Ambitious salt reduction programmes for processed foods took already place at national level in the past (e.g. in Belgium, France, The Netherlands, Spain and United Kingdom), leading to a sodium reduction of about 20% between 2001 and 2011, and a reduction of sugar of 5-15% in our products.

We remain active in further improvements and reformulation. Salt and sugar reduction initiatives are most successful where consumer acceptance is granted, to avoid that salt or sugar is added to the finished dish. Salt in e.g. soups and bouillons as well as sugar in e.g. ketchup are being reduced step by step. Where appropriate, we can achieve larger reductions by replacing table salt with mineral salts containing potassium or replacing sugar with glycosides like stevia, while taking into account and solving technological and regulatory challenges.

CULINARIA EUROPE members are in frequent dialogue with consumers via different channels, such as care-lines, websites and social media. Our consumers often want to know what is in our products, and they are also looking for reassurance that certain ingredients they are wishing to avoid or consume less are not contained.

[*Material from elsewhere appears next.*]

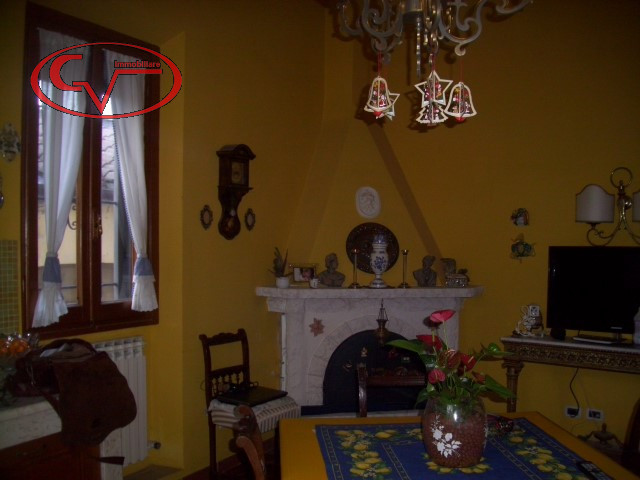 Immagine 10 di Appartamento in vendita  in Poggio Bracciolini, 46 a Montevarchi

Outside the area of Health and Nutrition Claims (Regulation (EC) 1924/2006), producers of culinary products are using statements referring to the absence of certain ingredients in their products to address this consumer
need for reassurance. Many consumers appreciate these statements, as they provide relevant information
for deciding whether or not to buy a product. Yet these so-called ‘negative claims’ are sometimes found confusing or even misleading by consumers. We are committed to provide transparent, understandable and useful information to our consumers. To that end, the producers of culinary products should only use ‘negative claims’ in line with the following principles:

  • We prefer to talk about food in a positive way by pointing out the good ingredients and other positive aspects.
  • Negative claims’ should be made in the context of a positive message to support their reassuring nature.

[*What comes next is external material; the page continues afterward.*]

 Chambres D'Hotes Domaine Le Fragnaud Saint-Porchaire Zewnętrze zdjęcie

  • A ‘negative claim’ should never suggest that a particular food is healthier than other foods.
  • A ‘negative claim’ should never denigrate other foods of the same category, including foods from competing companies or brands.
  • We will strictly apply the provisions of Article 7 on ‘Fair Information Practices’ from FIC regulation 1169/2011/EU.

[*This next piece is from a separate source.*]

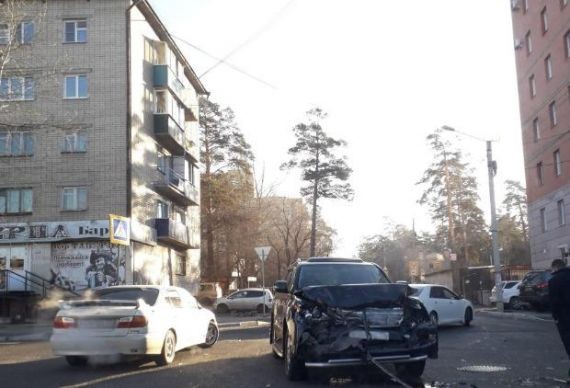 В центре Читы Lexus протаранил катафалк В центре Читы Lexus протаранил катафалк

  • ‘Negative claims’ should be truthful and reflect the true nature of the food, and should not create a false impression about the composition of a food.
  • When the wording of a claim suggests the absence of a certain ingredient or group of ingredients (e.g. ‘free from …’), the ingredient or group of ingredients should neither be present naturally, nor carried-over by a sub ingredient, nor generated during processing.
  • If this is not the case the claim wording should clarify that it only concerns the non-addition of the specific named ingredient or group of ingredients (e.g. ‘no added …’).
  • If a ‘negative claim’ after due consideration of the above might still have the potential to be misinterpreted or misunderstood, a direct link to a qualifying statement should be provided to explain the meaning and scope of the claim.
  • ‘Negative claims’ covering ingredients which are subject to emerging consumer trends or changing consumer perception should only be made following due consideration of the potential negative effects on the culinary sector as a whole.